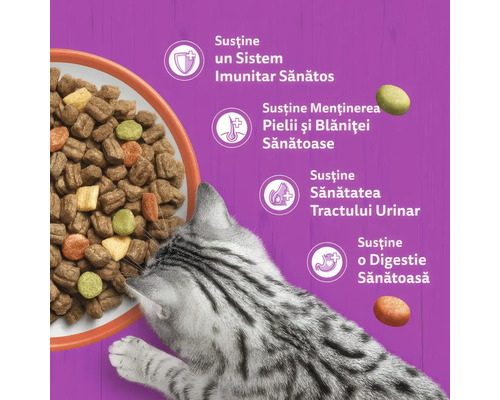 Hrană uscată pentru pisici cu beneficii pentru sistemul imunitar, piele și blană, tractul urinar și digestie.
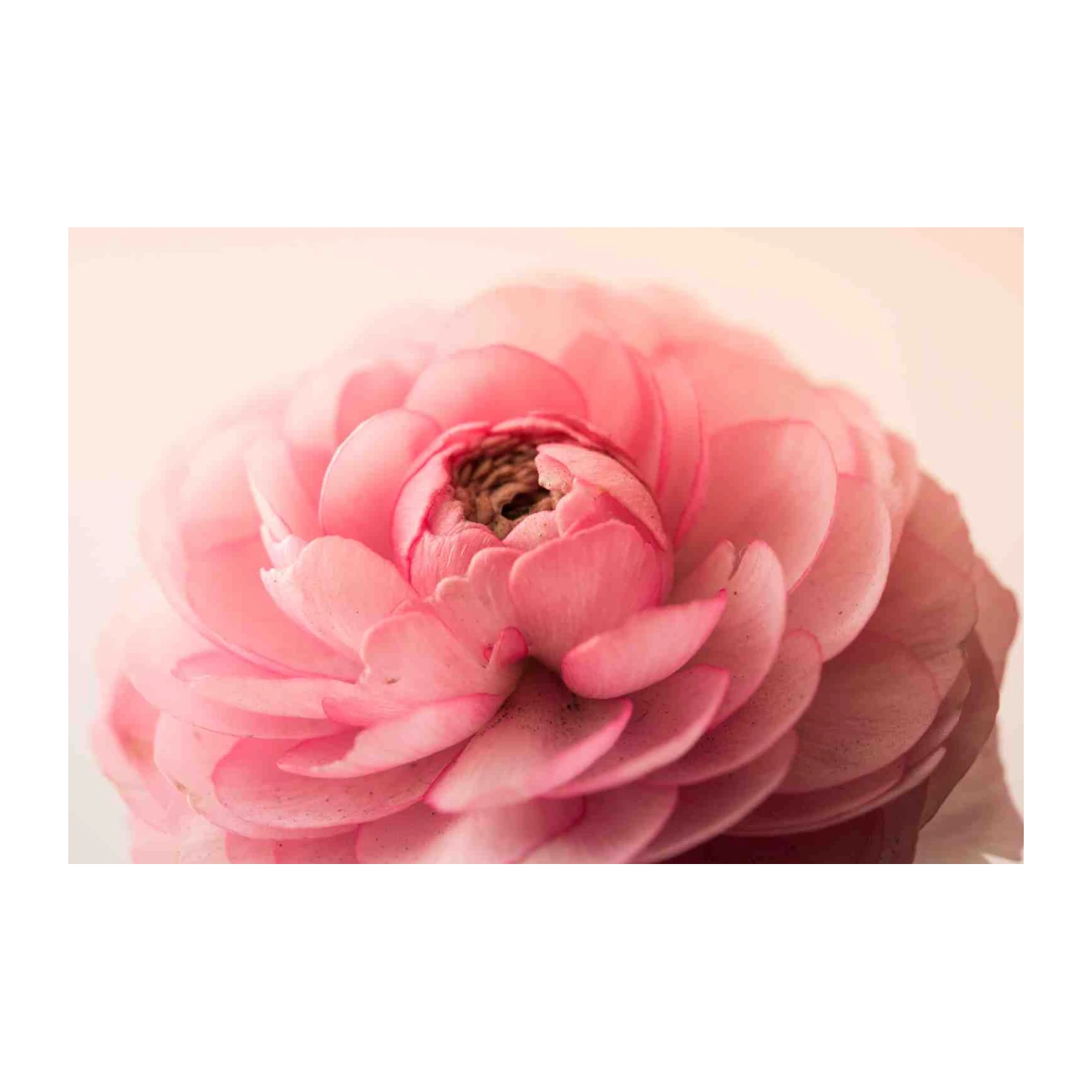 Soft Pink Ranunculus Bloom Wall Art Art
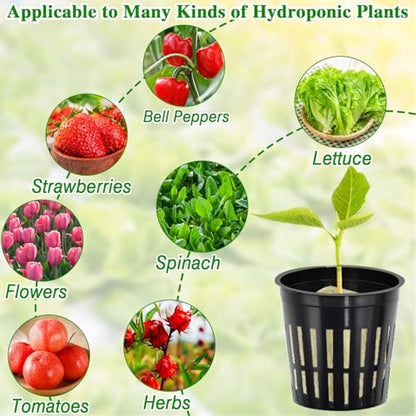 36PCS 1.2-Inch Rockwool Cubes with 30PCS 2-Inch Net Cups for Hydroponics Great Hydroponic Kit for Cuttings Clone Plant Propagation Seed Starting & Soilless Cultivation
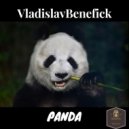 Vladislav Benefick - The Music Revolution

Exercise:
Once you have returned the line containing "Soft Pink Ranunculus Bloom Wall Art Art", stop; begin at the first line of the material, keep each line exact, and skip the pictures.

Your solution:
 Hrană uscată pentru pisici cu beneficii pentru sistemul imunitar, piele și blană, tractul urinar și digestie.
 Soft Pink Ranunculus Bloom Wall Art Art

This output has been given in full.